Criticism also arose from other conservatives, from Free Democratic Foreign Minister Hans-Dietrich Genscher, and even Schmude's Social Democratic colleagues. The only full support came from the countercultural Greens party.

Schmude retreated somewhat, saying that he spoke only for himself, and that he still holds the idea of a single German nation as the most important goal. But he stuck to his original point: that other solutions are possible -- such as two German states under a common European roof or East-West German contacts comparable to West German-Austrian contacts.

All this is heresy to West German conservatives. In the 1970s the conservatives bitterly fought Bonn's d'etente agreements with the Soviet Union, Poland, and East Germany. And after the conservatives came to power in 1982 and basically continued d'etente, the conservatives' own right wing objected. In particular, the group of postwar refugees from former German lands to the east stresses that Germany retains a legal claim to these lands pending a peace treaty ending World War II.

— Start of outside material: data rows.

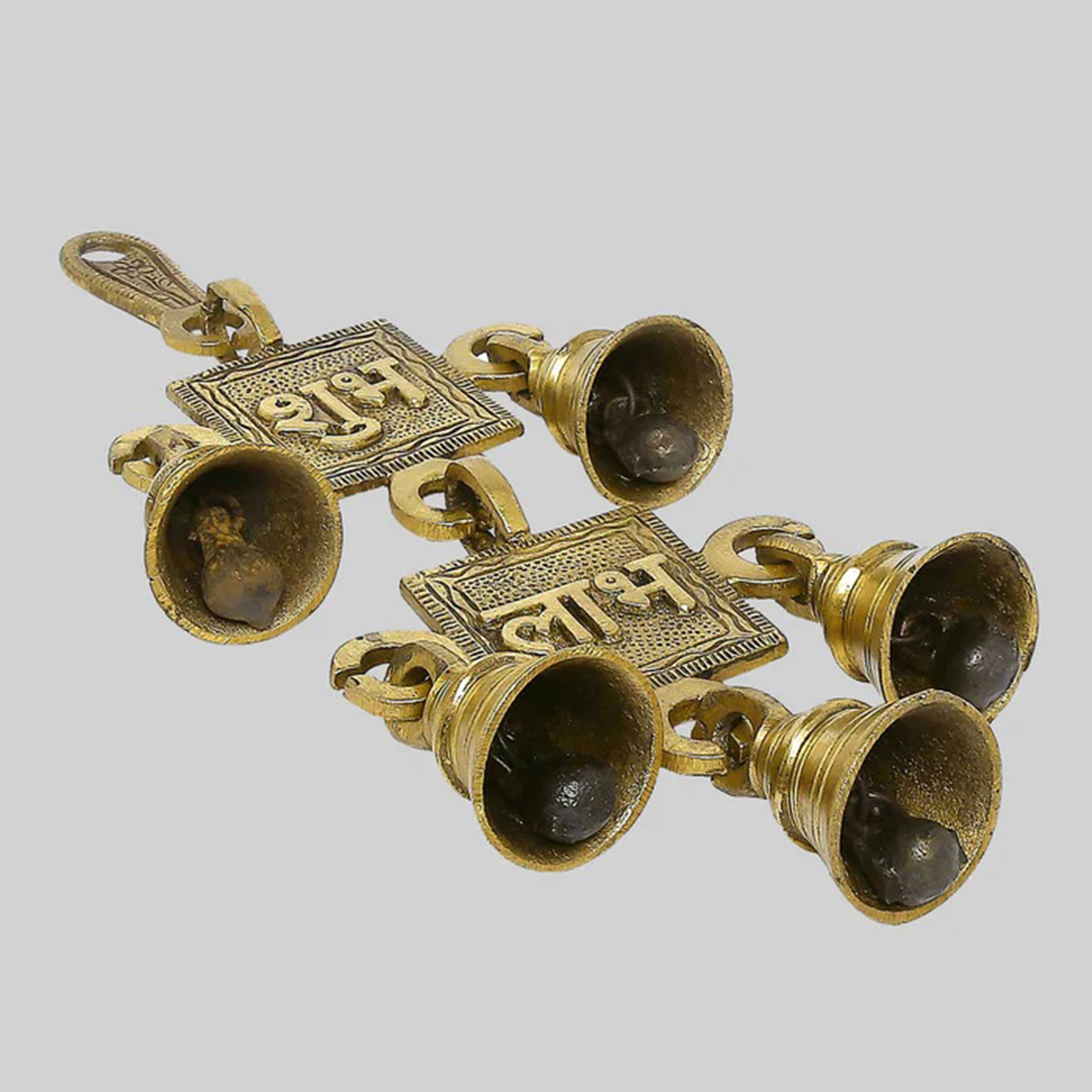 Brass Shubh Labh Wall Hanging with 5 Bells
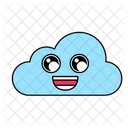Happy Cloud Smiley Expression Cloud Emoji Icon
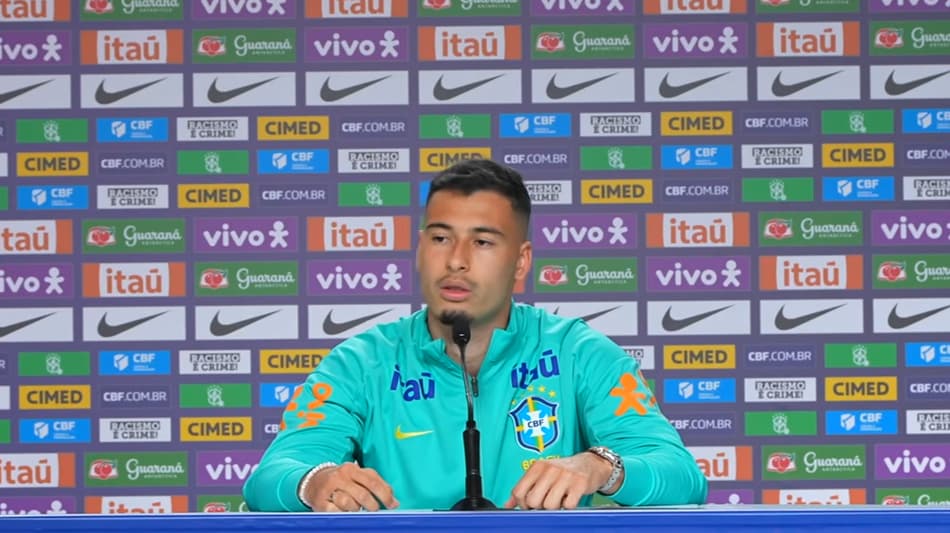 Gabriel Martinelli durante coletiva da Seleção (Foto: reprodução Canal CBF)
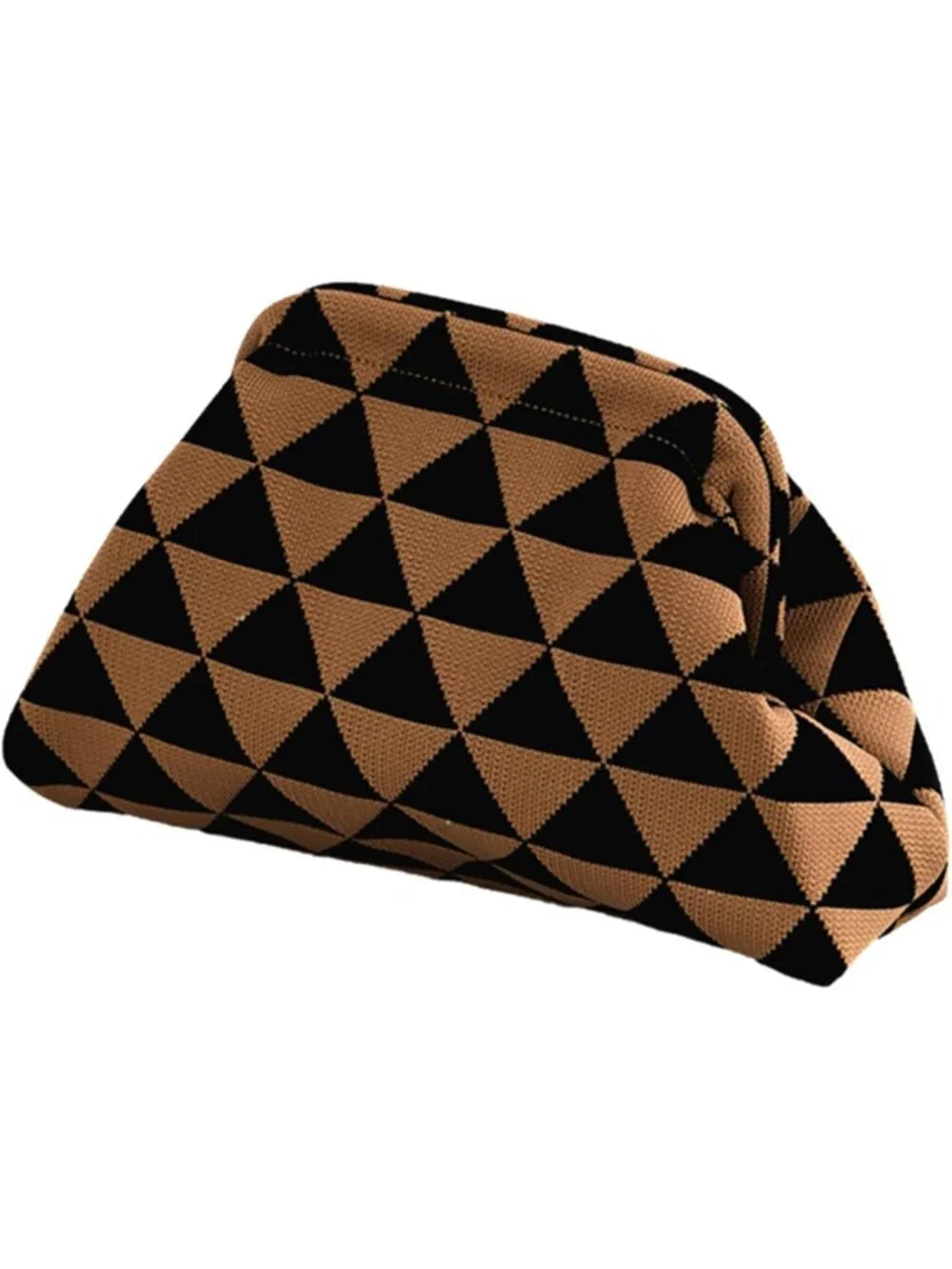 Women Black White Stripe Summer Beach Woven Crochet Bag Dumpling Purse Handbag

The conservatives have seized on Schmude's comments as proof of their allegation that the Social Democrats are anti-American and pro-Soviet. But their real target is former Chancellor Willy Brandt, the Social Democrat who was the original architect of d'etente. Mr. Brandt is to visit Moscow next week and is expected to meet with Soviet leader Mikhail Gorbachev.

East German news media joined the controversy by repeating the position that Bonn must fully recognize the separate existence of East Germany. East Berlin is in a holding pattern in its relations with Bonn. It is much more restrained than Moscow in charging West Germany with ``revanchism,'' or a desire to regain lost German territory to the east.

In the uncertain first few months of new Kremlin leadership, however, East Berlin is moving cautiously in warming up relations with Bonn. East German parliamentary president Horst Sindermann just canceled a visit to Bonn, apparently because West German parliamentary president Philipp Jenninger would not receive him in the Bundestag office.